[Captioned web image data]
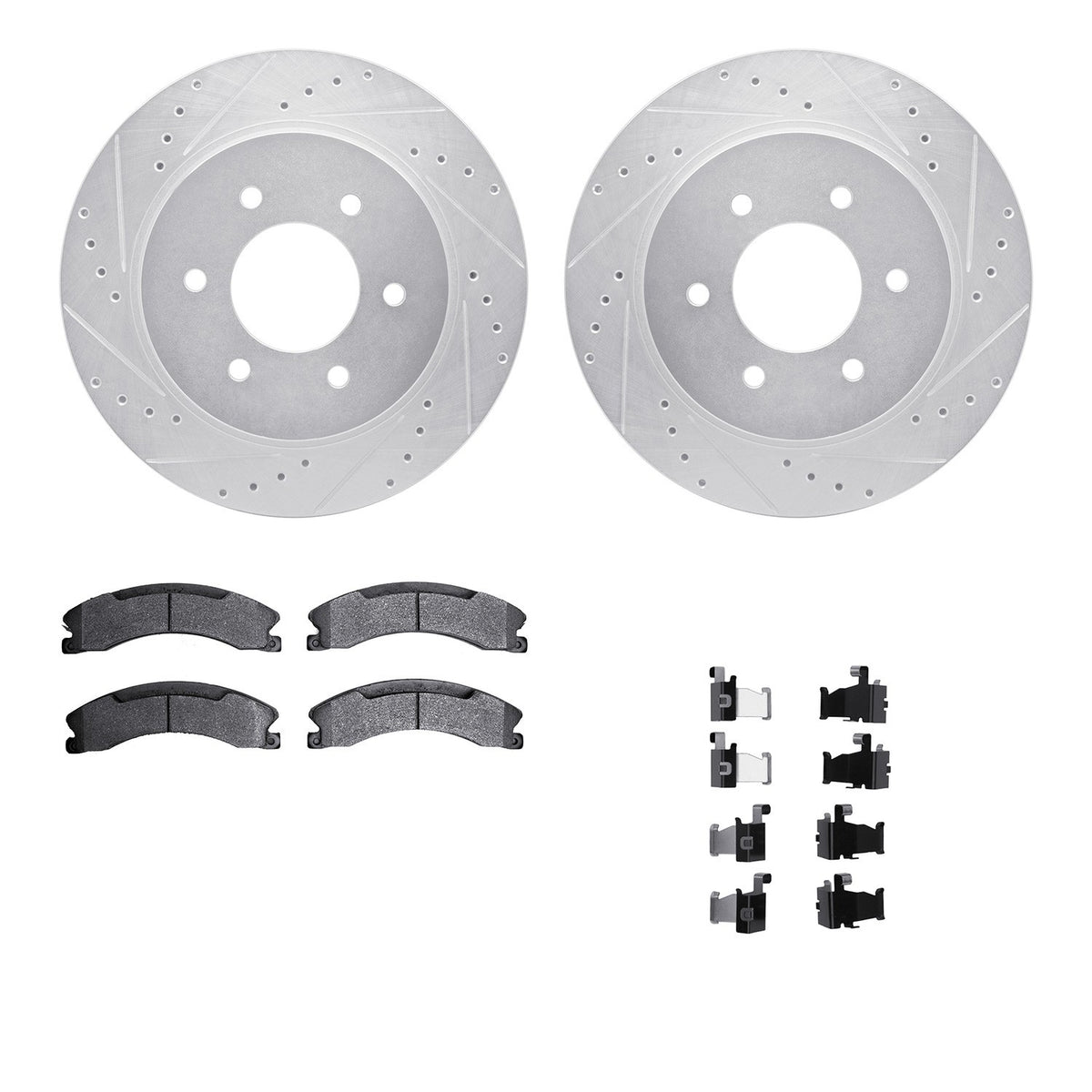 Dynamic Friction Company Disc Brake Kit 7512-67121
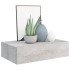 Estante de pared con cajón 2 uds MDF gris hormigón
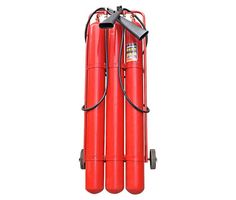 Огнетушитель ЯрПожИнвест ОУ-50 ВСЕ в сборе (ОУ-80) углекислотный передвижной, вместимость корпуса не менее 3х25.6 л, масса заряда не менее 50 кг, длин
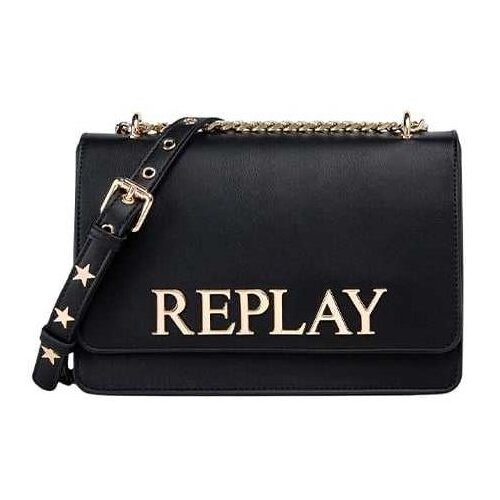 Replay crna ženska torbica Slike
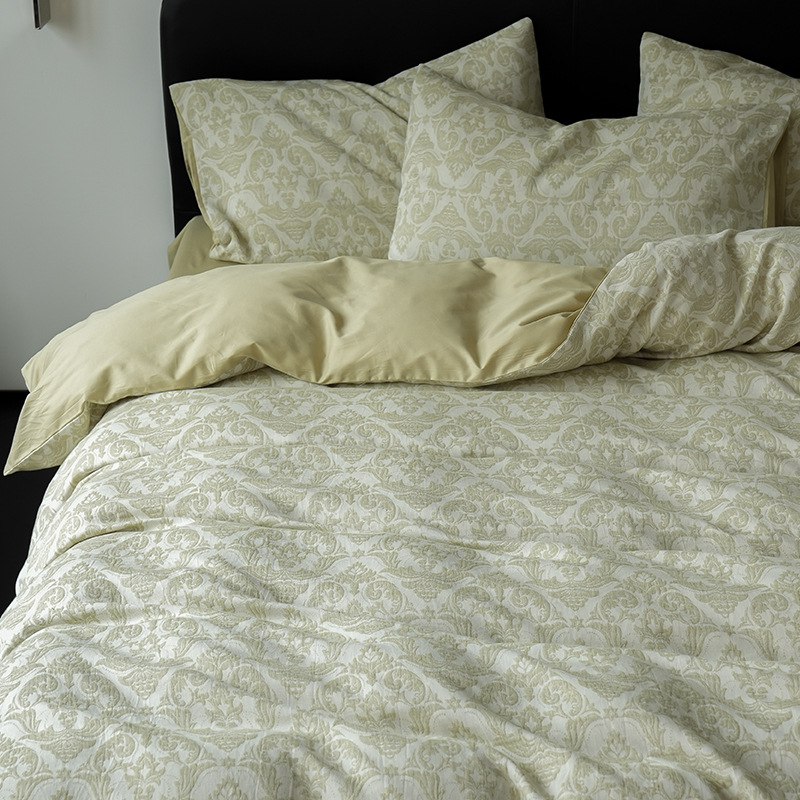 2025 nuevo otoño y invierno algodón molido cama de cuatro piezas 1.8m de espesor de sábanas de algodón caliente cubierta de cama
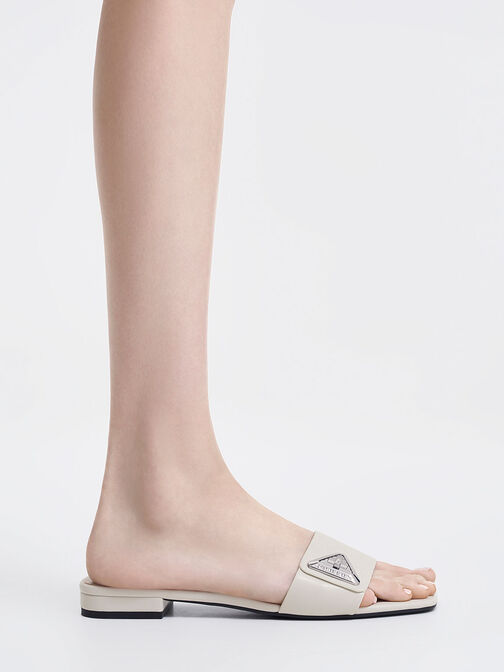 Trice Metallic Accent Slide Sandals, , hi-res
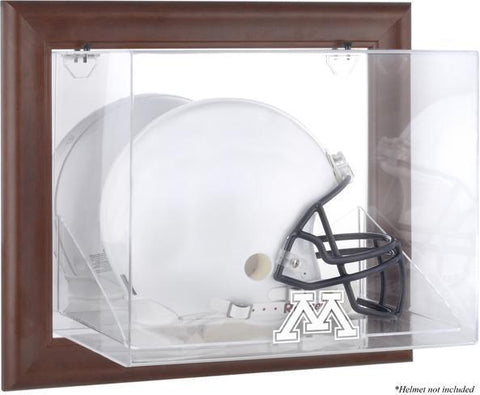 Minnesota Gophers Brown Framed Wall-Mountable Helmet Display Case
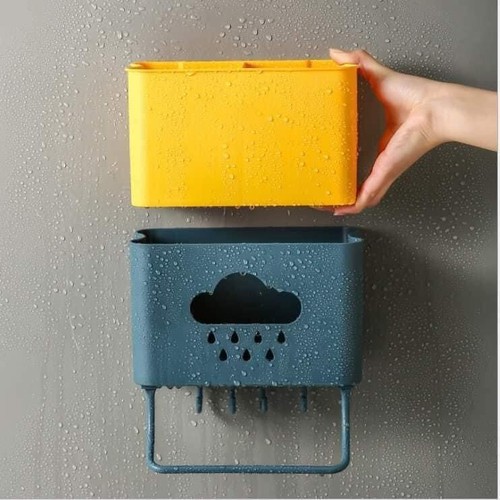 Ống Đũa Hình Đám Mây 2 Ngăn Có Móc Treo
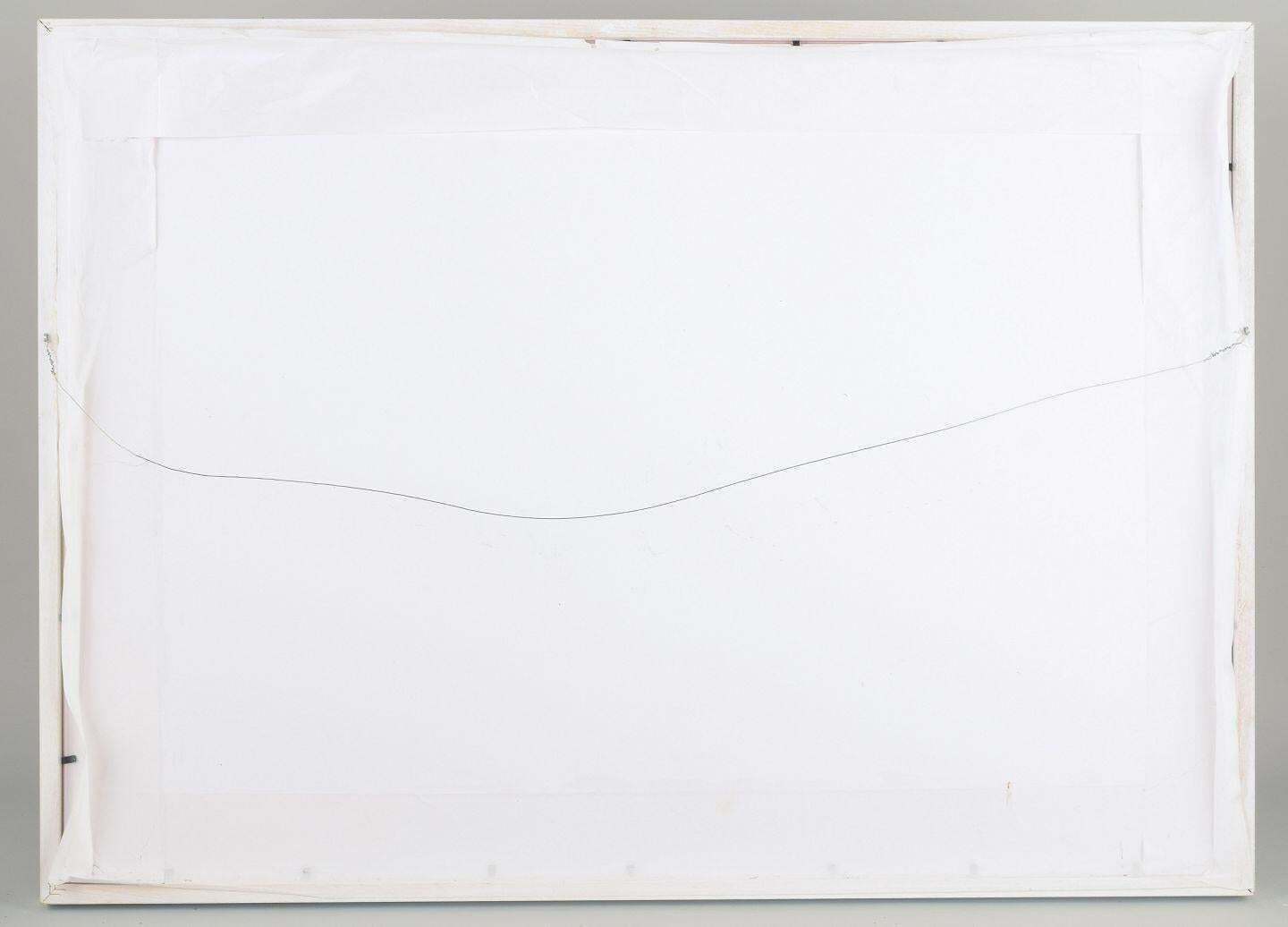 Erik Dietman. Color Lithograph. Female Figure In An Expressive Landscape. photo 420.0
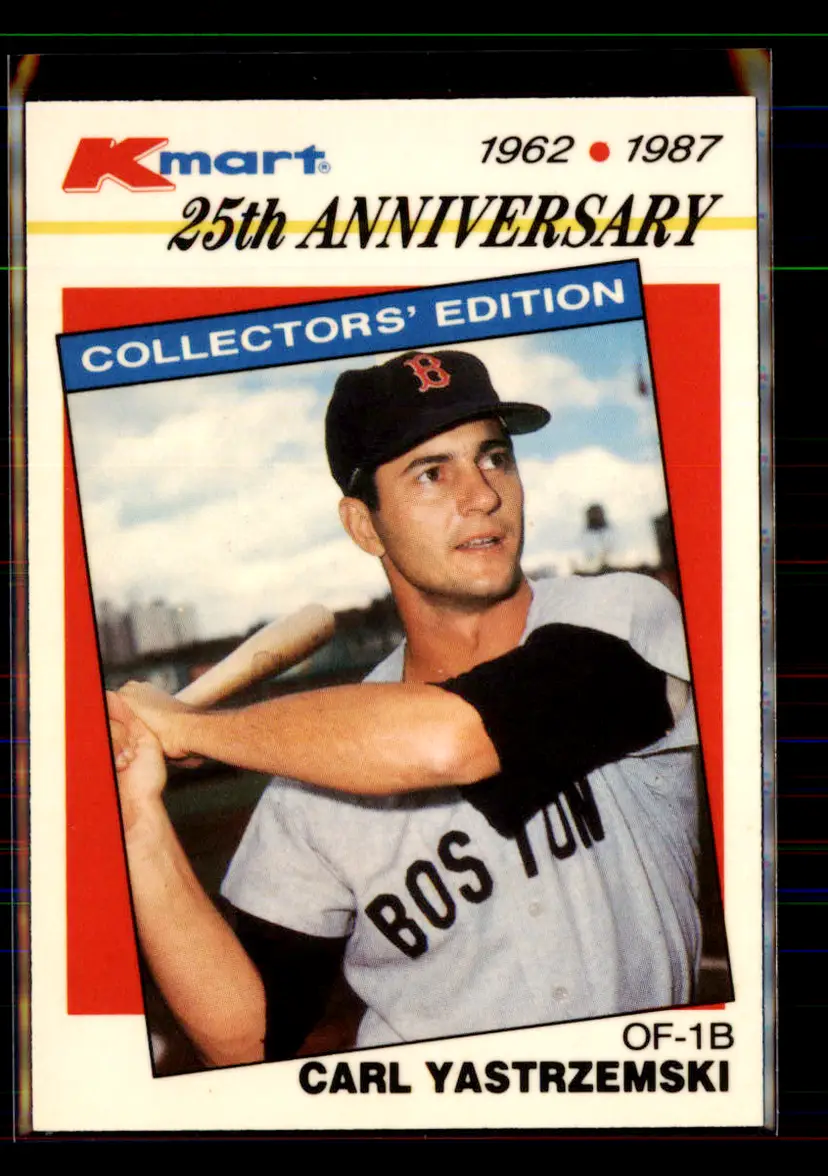 Carl Yastrzemski 1987 Topps Kmart 25th Anniversary #11 - (pk1c) - Boston Red Sox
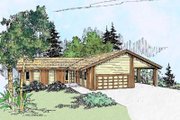 Ranch Style House Plan - 3 Beds 2 Baths 1152 Sq/Ft Plan #60-380 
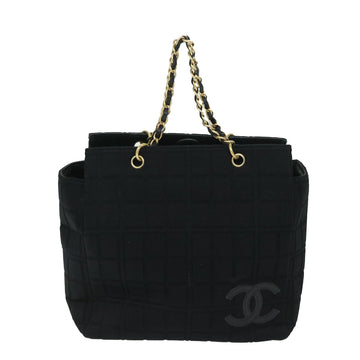 Chanel Evelyne TPM Black Cotton Tote Bag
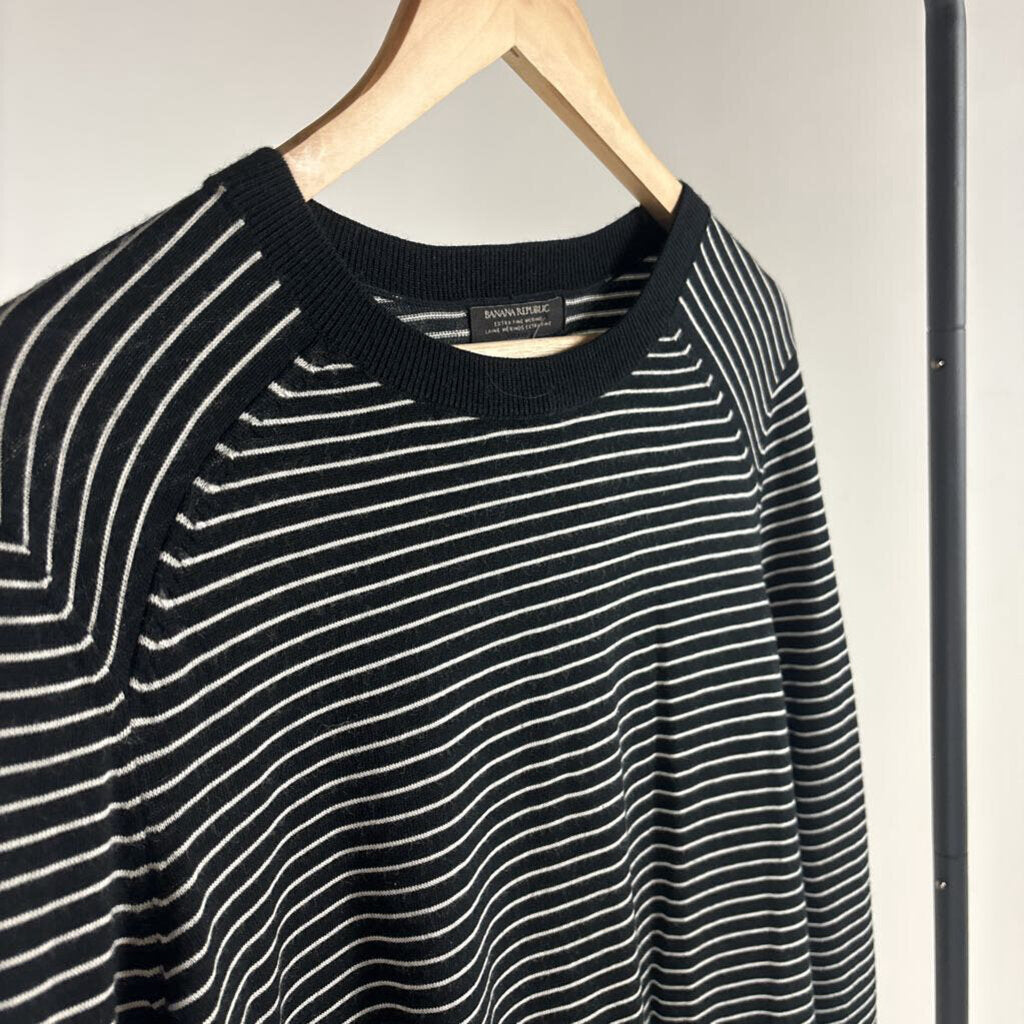 LS Striped Sweater (L)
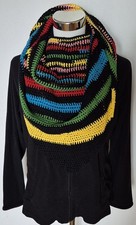 Dreieckstuch Unikat Schwarz/Bunt Eyecatcher Handarbeit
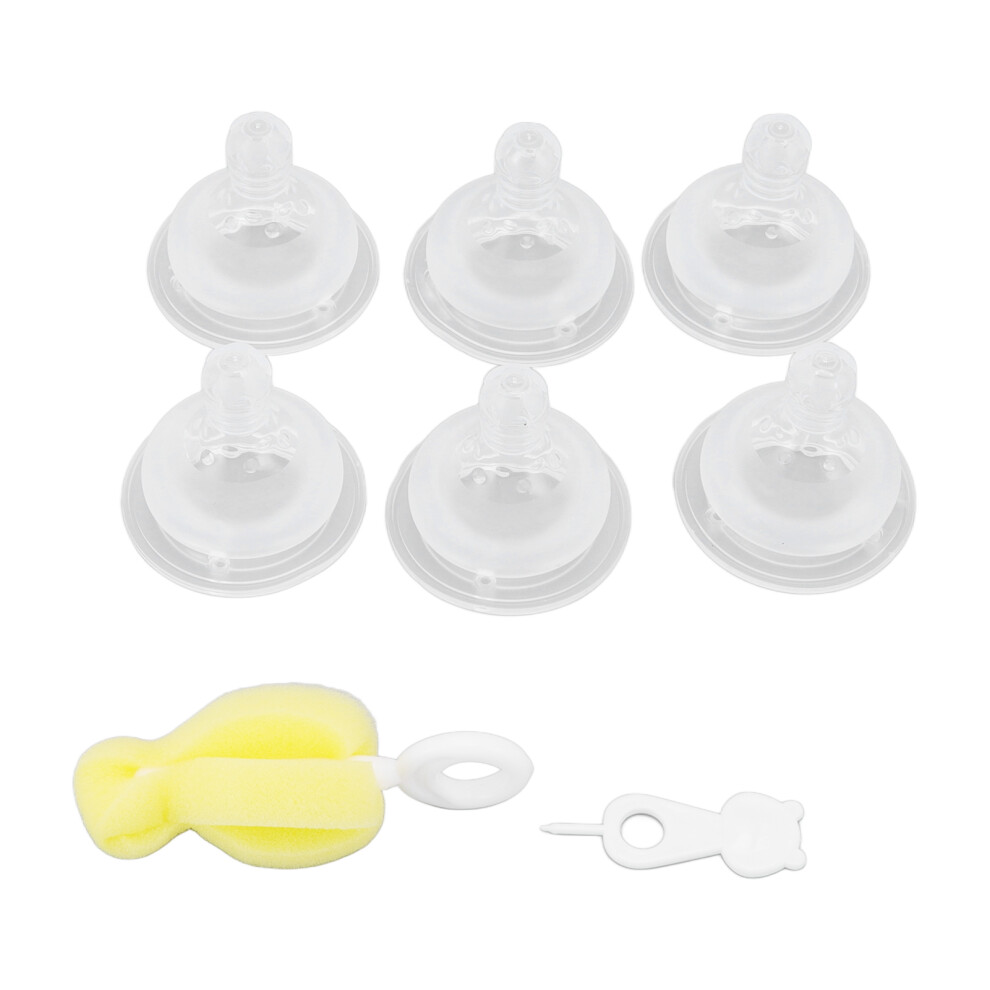 6 Pcs Baby Pacifier Newborn Nursing Baby One Piece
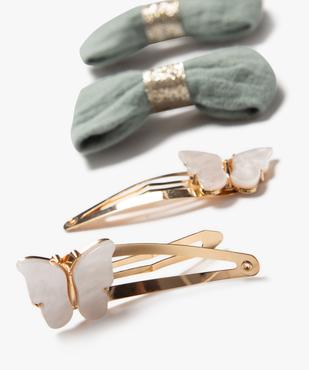 Barrettes cheveux forme papillon fille (lot de 4) vue2 - GEMO (ACCESS) - GEMO
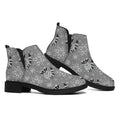 Knitted Raccoon Pattern Print Flat Ankle Boots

* [Exercise details]: Apart from the images, every line above is to be given again exactly.

* [Output of the task]:
 Dynamic Friction Company Disc Brake Kit 7512-67121
 Estante de pared con cajón 2 uds MDF gris hormigón
 Огнетушитель ЯрПожИнвест ОУ-50 ВСЕ в сборе (ОУ-80) углекислотный передвижной, вместимость корпуса не менее 3х25.6 л, масса заряда не менее 50 кг, длин
 Replay crna ženska torbica Slike
 2025 nuevo otoño y invierno algodón molido cama de cuatro piezas 1.8m de espesor de sábanas de algodón caliente cubierta de cama
 Trice Metallic Accent Slide Sandals, , hi-res
 Minnesota Gophers Brown Framed Wall-Mountable Helmet Display Case
 Ống Đũa Hình Đám Mây 2 Ngăn Có Móc Treo
 Erik Dietman. Color Lithograph. Female Figure In An Expressive Landscape. photo 420.0
 Carl Yastrzemski 1987 Topps Kmart 25th Anniversary #11 - (pk1c) - Boston Red Sox
 Ranch Style House Plan - 3 Beds 2 Baths 1152 Sq/Ft Plan #60-380 
 Chanel Evelyne TPM Black Cotton Tote Bag
 LS Striped Sweater (L)
 Dreieckstuch Unikat Schwarz/Bunt Eyecatcher Handarbeit
 6 Pcs Baby Pacifier Newborn Nursing Baby One Piece
 Barrettes cheveux forme papillon fille (lot de 4) vue2 - GEMO (ACCESS) - GEMO
 Knitted Raccoon Pattern Print Flat Ankle Boots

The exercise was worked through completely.